Deon Grant has played in 36 consecutive games for the Giants. His leadership, veteran savvy and instinctive play have been a welcome addition for Big Blue’s maddeningly-inconsistent secondary.
According to Ralph Vacciano of the New York Daily News, the veteran safety may be on his way out of the Big Apple. Grant told Sirius XM that the Cowboys, Lions and Giants have all expressed interest in signing him, but added that a deal is not imminent.
Bringing back Grant would provide Big Blue’s oft-maligned pass defense with a familiar, reliable presence, one that knows the ins-and-outs of Perry Fewell’s complex, DB-heavy sets.

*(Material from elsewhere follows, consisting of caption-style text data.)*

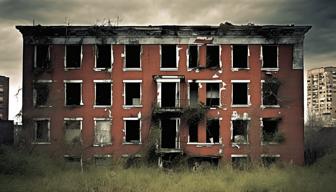 Wohnkonzerne treiben Mieten in die Höhe: Verarmung der Mieter zur Bereicherung der Aktionäre Wohnkonzerne treiben Mieten in die Höhe: Verarmung der Mieter zur Bereicherung der Aktionäre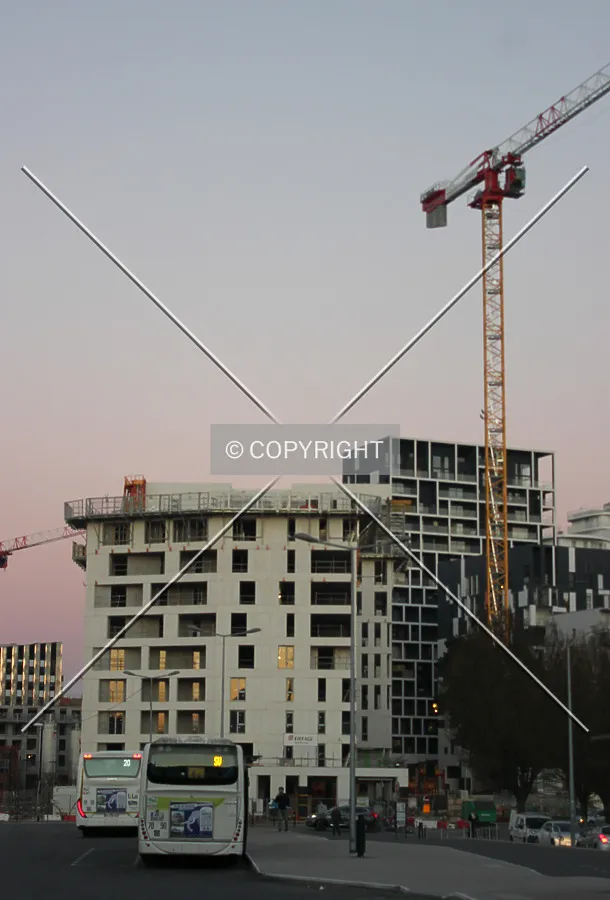 Photo 369-497-259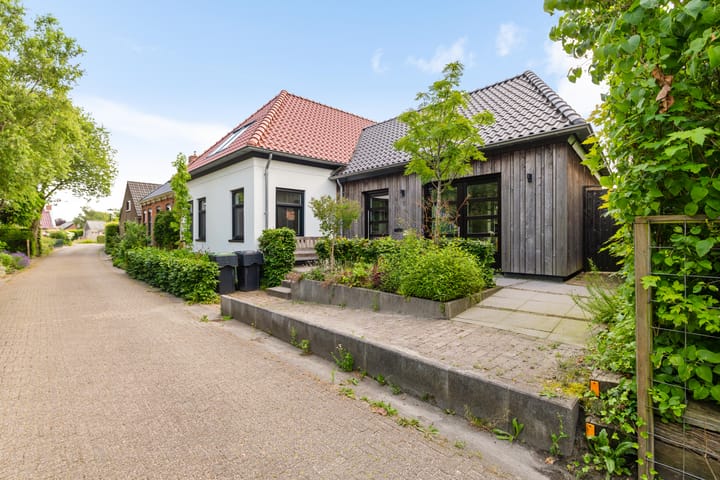 Dijksweg 5 main image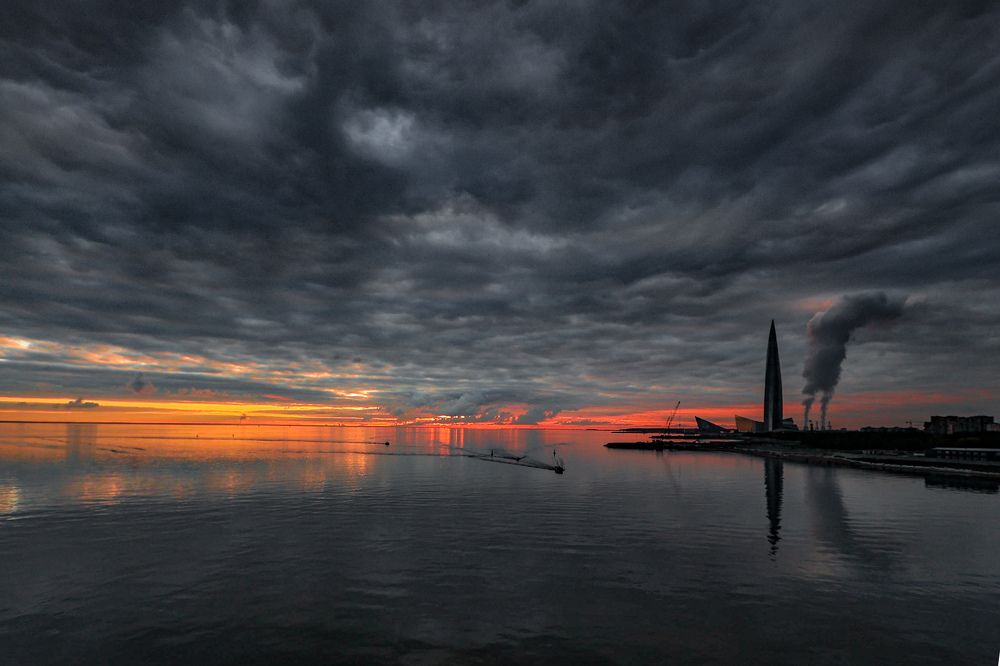 Photograph by Chic.chiquitita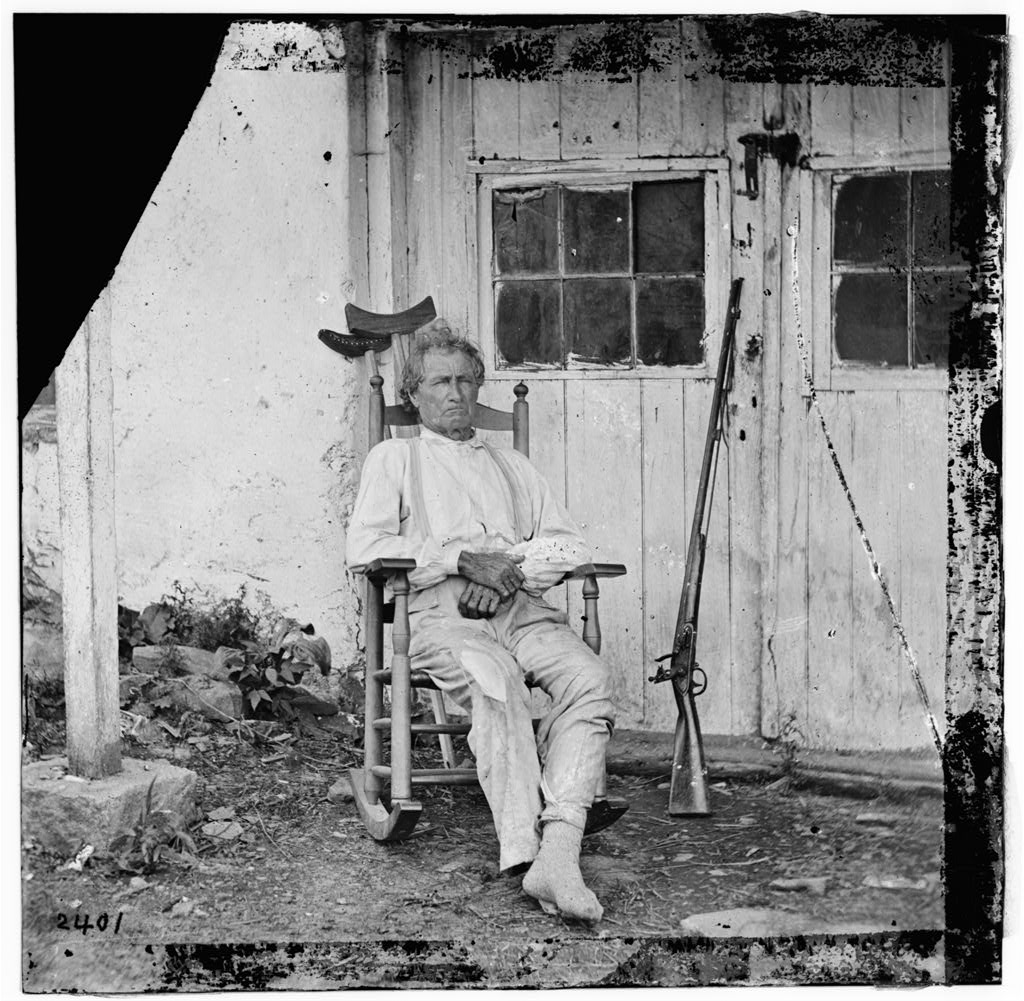 Ep. 463 John L. Burns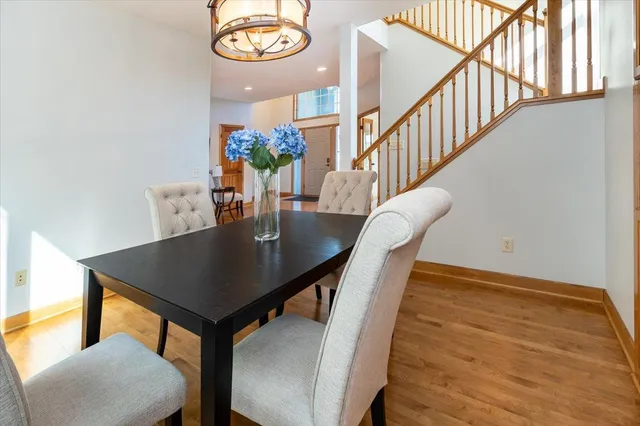 $625,000 | 1476 Pinetree Pass, Eagan, MN 55122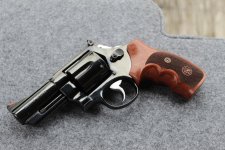 2023-09-20 Cogan Custom 001.jpg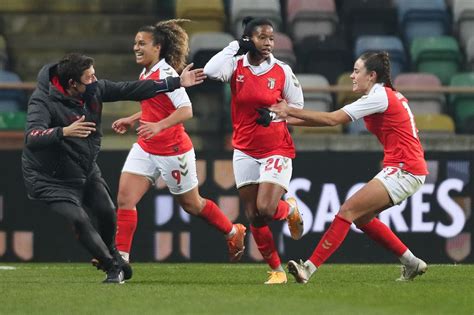 Conheça nossa nova seção palpites completamente dedicada a eles. Braga vence a sua primeira Taça de Portugal em futebol ...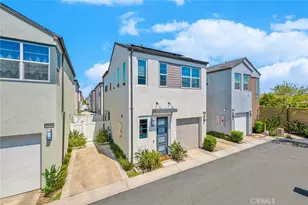 2412 E Encanto Paseo, Ontario, CA 91762 - Photo 12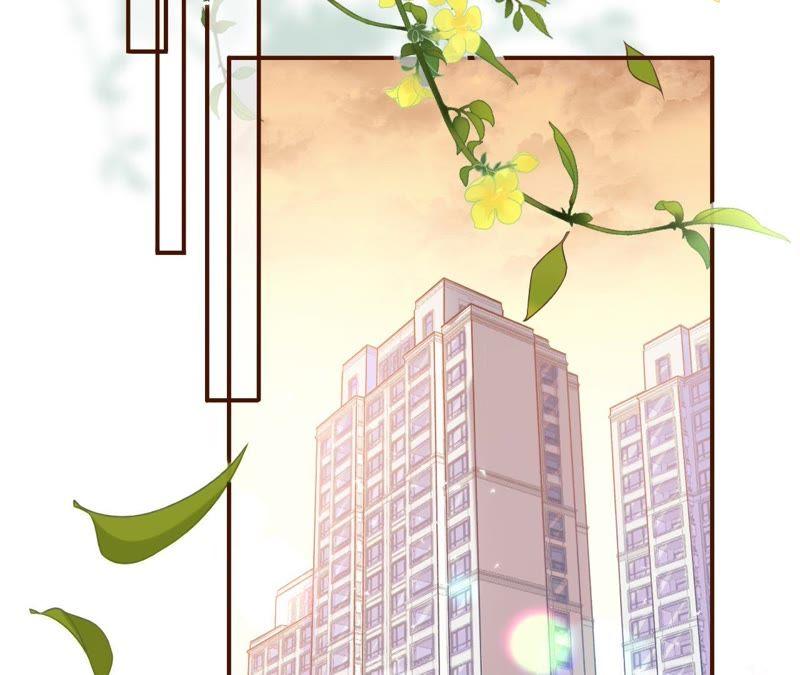 《女票芳龄30十》约法三章 第6页
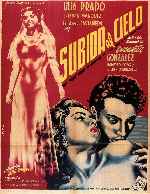 miniatura subida-al-cielo-por-alcor cover carteles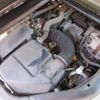 suzuki every 2017 -SUZUKI 【水戸 480ﾁ1274】--Every EBD-DA17V--DA17V-815370---SUZUKI 【水戸 480ﾁ1274】--Every EBD-DA17V--DA17V-815370- image 33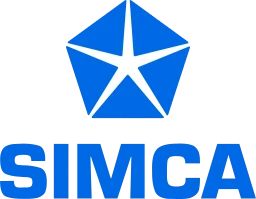 Simca
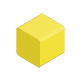 2 microMAGS Cubes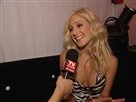 The Hills: Heidi Montag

At age 31, Grant is past his prime and it’s highly unlikely that he would demand anything more than a one-year, minimum salary deal. He’s done nothing but good for Big Blue’s secondary, helping it persevere through the sadder, more devastating stages (cough, cough, @ Green Bay. Week 16. 2010) of its development.
No brainer, right? Perhaps not.
As it stands, the safety position is well-stocked. The Giants brought in an ensemble of new faces this offseason, including two free agents (Stevie Brown, Chris Horton) and three undrafted rookies (Jojo Nicolas, Will Hill and Janzen Jackson), all of whom Fewell and Tom Coughlin have high hopes for. The bad blood between Fewell and Antrel Rolle that seems to have dissipated quite a bit—a Super Bowl championship tends to solve a lot of problems—and Kenny Phillips finally played like the rangy, ball-hawking force that everyone knew he could be when the Giants drafted him.
Plus, after mixing-and-matching with several three-safety sets last season, Fewell—armed with better depth at cornerback and linebacker—may be more inclined to use no more than two in 2012.
Now that I’ve given you a brief outline of both sides of the argument, here’s my take:
With the way quarterbacks picked apart the Giants’ secondary for large parts of last season, the minimal cap hit to bring in Grant is a small price to pay in exchange for what he provides.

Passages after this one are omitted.